My three year old son is constantly amazing me with the things he says. For example, the other day, he was in a cranky mood, so I asked him if he wanted to listen to some music – some happy music. Happy music, for us, is simply upbeat songs that we jump and dance around to. His response?
“No, I want to listen to grumpy music.”
What? I thought that was a teenager thing; pouting in his or her room with dark, “grumpy” music blasting loud enough to break glass. Well, at least I know I did it during those rebellious years. But really? A three year old just told me he wanted to listen to grumpy music!
But that’s just the start of his clever words. In case you haven’t read a particular previous article of mine about what my son says to me (you can visit here), I’ll tell you again – the child tells me to calm down! When he senses my impending frustrations, he actually warns me to calm down. I guess it’s not exactly a bad thing, but I feel ashamed on my part; I should be able to control those kinds of feelings in front of my children.
And just recently, he has started saying “Oh dang!” Gahhhh! And here I was thinking I was doing good with limiting my exclamations! Well, he proved me wrong. At least I keep my exclamations censored for little ears!
It doesn’t stop at words – his actions are just as shocking (shocking in a cute-funny-adorable way). Take, for example, his “baby”. This was a couple weeks after I had my second child. I suppose he wanted to be like me and have a baby to take care of as well! He had come out of room with his Mr. Potato Head. Except his Mr. Potato Head only had eyes (in the nose hole) and a tongue (which turned out to be a pacifier). My son proudly exclaimed “Look at my baby!” Followed by, “Shhhhh, my baby’s going to take a nap.” For about a week, my son’s “baby” would randomly show up throughout the house – on my bed, in the baby swing, sitting next to me on the couch. It was sometimes unnerving to look over and see an appendage-less, oval-shaped body staring at me.

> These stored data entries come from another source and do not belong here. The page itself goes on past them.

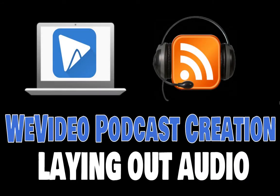Welcome to this WeVideo podcast creation screencast. In this video I'm going to talk about and show you how to lay out your audio to create your podcast.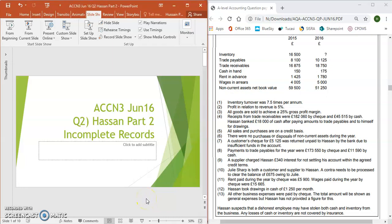Hello, today I'm going to be going through Part 2 of the incomplete record question on Hassan, question 2 from ACCN 3, June 16. In Part 1 we looked at revenue, cost of sales, and we calculated gross profit, and that's where we finished off. Moving on, Part 2 is going to cover the section after gross profit, which includes additional income, expenses, and final profit.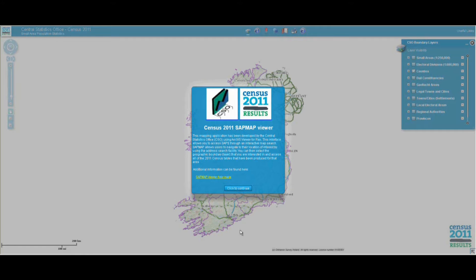Welcome to this demonstration of how to use the CSO SAPMAP application. With this application you can access 2011 census statistics for a range of geographic areas from the state right down to county, town, electoral division and small local area levels.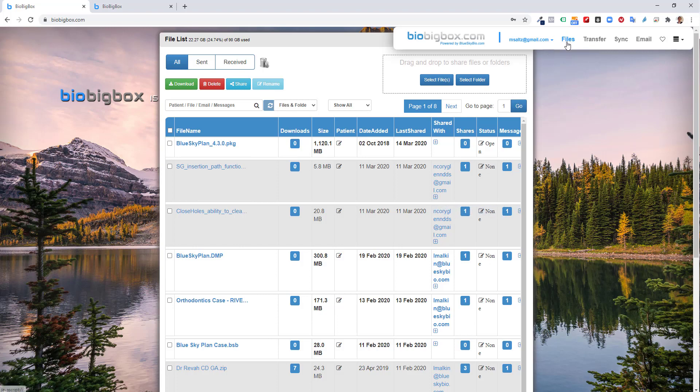On the top, you can see we have the capability to upload and transfer files. You could sync and backup files from your computer, or sync them and then share them easily. And we also have HIPAA-compliant email functionality.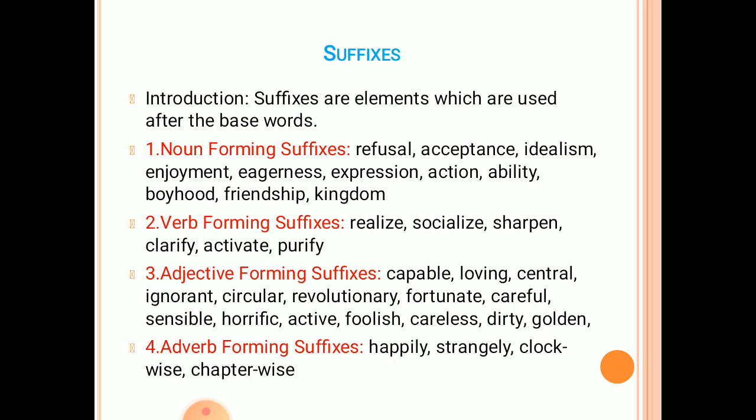The last part is adverb-forming suffixes. For example: happily, strangely, clockwise, and chapter-wise. With this, we conclude here. Thank you very much.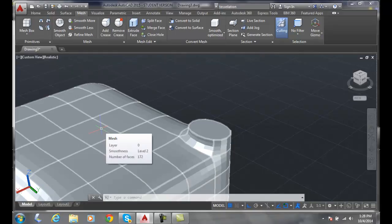I want to do the creases before I do a Smooth More. Adding a crease is like putting a crease in folded paper. When we go to apply smoothing, those creases are there and provide a flat surface that does not get rounded.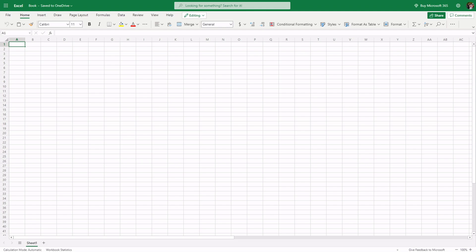Today, I'm going to teach you how you can create your own watch list in Excel Online. You just have to go to Excel in Microsoft Office 365, then open a new workbook. Then, if you're here, you can just follow these steps.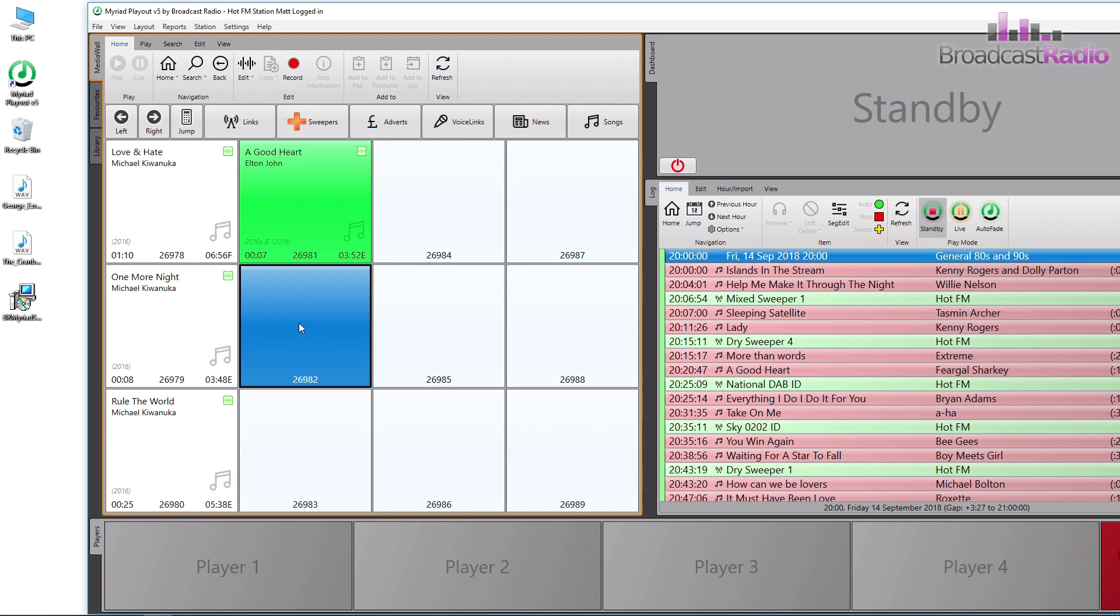So I have a .wav file on my desktop that I'd like to add to Myriad 5 Playout. I found an empty media item within my songs media range.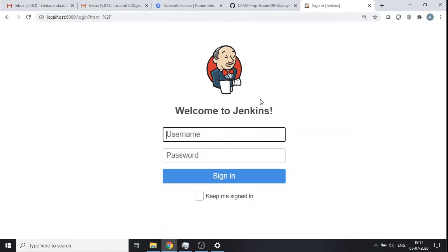Hey guys, this is Chitanan from Kratz Info Tech NG and I welcome you to this short demo on Jenkins. What I want to do in this demo is demonstrate the usage of a plugin of Jenkins called Promoted Builds.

His charming comments and actions are endless, and they keep my life full of laughter and surprise. And thanks to his wit, I keep going back to a quote I once heard, which I shall share with you: “It is not a bad thing that children should occasionally, and politely, put parents in their place” (Sidonie Gabrielle Colette).
Regardless of putting parents in their places, children provide life with joy – enjoy every minute you have with your children, because you won’t always have those opportunities!